== EXTRACTED INFORMATION ==

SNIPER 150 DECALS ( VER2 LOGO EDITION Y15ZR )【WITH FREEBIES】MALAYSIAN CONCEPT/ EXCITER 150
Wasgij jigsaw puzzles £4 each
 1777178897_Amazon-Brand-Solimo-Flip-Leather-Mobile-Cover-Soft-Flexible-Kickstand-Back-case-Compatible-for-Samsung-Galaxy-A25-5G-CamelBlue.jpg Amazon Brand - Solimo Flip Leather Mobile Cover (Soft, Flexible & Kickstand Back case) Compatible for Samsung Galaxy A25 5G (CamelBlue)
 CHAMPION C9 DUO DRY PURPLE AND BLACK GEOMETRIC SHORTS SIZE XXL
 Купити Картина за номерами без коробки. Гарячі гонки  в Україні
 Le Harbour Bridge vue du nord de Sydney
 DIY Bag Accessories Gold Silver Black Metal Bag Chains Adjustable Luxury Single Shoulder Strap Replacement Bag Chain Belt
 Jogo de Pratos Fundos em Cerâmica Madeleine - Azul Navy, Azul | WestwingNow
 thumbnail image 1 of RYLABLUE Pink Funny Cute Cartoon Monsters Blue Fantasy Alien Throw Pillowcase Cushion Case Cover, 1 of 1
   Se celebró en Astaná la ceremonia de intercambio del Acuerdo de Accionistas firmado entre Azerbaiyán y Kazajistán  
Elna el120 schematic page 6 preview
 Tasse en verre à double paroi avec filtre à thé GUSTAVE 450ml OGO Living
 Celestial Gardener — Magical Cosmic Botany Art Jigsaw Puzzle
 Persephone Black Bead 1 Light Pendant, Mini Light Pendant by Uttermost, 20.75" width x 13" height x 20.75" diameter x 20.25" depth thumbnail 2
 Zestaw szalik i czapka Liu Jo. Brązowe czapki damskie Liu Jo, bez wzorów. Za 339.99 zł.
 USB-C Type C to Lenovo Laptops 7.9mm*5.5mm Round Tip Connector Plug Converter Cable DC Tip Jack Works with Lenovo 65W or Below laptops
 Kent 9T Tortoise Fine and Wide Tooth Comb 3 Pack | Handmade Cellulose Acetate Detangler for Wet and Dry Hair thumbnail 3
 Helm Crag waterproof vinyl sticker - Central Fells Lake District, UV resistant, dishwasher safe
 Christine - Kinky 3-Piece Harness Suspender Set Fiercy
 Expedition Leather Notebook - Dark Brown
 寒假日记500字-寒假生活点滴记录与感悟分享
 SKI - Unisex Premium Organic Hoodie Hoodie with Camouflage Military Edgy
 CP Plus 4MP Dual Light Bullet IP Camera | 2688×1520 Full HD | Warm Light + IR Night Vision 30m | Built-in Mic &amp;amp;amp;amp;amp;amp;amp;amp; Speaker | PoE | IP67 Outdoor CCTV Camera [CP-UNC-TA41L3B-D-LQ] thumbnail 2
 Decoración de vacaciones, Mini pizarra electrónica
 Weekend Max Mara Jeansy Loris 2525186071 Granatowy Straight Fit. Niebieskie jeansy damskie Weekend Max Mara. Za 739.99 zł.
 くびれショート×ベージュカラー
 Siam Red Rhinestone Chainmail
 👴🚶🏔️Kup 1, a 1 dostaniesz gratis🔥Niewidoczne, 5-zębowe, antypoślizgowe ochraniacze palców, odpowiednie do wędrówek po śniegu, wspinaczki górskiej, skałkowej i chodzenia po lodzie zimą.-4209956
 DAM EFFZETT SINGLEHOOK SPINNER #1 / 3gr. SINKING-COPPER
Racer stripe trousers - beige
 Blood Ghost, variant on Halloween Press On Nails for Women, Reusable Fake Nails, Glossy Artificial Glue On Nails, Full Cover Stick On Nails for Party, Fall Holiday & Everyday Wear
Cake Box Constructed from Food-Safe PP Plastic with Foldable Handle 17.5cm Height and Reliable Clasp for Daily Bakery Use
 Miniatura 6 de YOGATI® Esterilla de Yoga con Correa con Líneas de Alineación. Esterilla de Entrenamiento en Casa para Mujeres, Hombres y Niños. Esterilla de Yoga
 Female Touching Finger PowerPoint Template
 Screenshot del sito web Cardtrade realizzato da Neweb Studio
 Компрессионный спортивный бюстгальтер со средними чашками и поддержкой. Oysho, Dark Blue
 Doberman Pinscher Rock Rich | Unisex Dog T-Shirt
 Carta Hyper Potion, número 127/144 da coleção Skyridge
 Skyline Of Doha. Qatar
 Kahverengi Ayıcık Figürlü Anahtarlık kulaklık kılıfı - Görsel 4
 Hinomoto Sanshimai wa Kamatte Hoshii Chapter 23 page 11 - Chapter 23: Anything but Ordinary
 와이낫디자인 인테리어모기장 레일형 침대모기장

===

_YOUR TASK_. Output the lines from the one with "Blood Ghost, variant" through the end of the records above, exactly, including both ends, and nothing besides.

_REPLY TO THE TASK_.
 Blood Ghost, variant on Halloween Press On Nails for Women, Reusable Fake Nails, Glossy Artificial Glue On Nails, Full Cover Stick On Nails for Party, Fall Holiday & Everyday Wear
Cake Box Constructed from Food-Safe PP Plastic with Foldable Handle 17.5cm Height and Reliable Clasp for Daily Bakery Use
 Miniatura 6 de YOGATI® Esterilla de Yoga con Correa con Líneas de Alineación. Esterilla de Entrenamiento en Casa para Mujeres, Hombres y Niños. Esterilla de Yoga
 Female Touching Finger PowerPoint Template
 Screenshot del sito web Cardtrade realizzato da Neweb Studio
 Компрессионный спортивный бюстгальтер со средними чашками и поддержкой. Oysho, Dark Blue
 Doberman Pinscher Rock Rich | Unisex Dog T-Shirt
 Carta Hyper Potion, número 127/144 da coleção Skyridge
 Skyline Of Doha. Qatar
 Kahverengi Ayıcık Figürlü Anahtarlık kulaklık kılıfı - Görsel 4
 Hinomoto Sanshimai wa Kamatte Hoshii Chapter 23 page 11 - Chapter 23: Anything but Ordinary
 와이낫디자인 인테리어모기장 레일형 침대모기장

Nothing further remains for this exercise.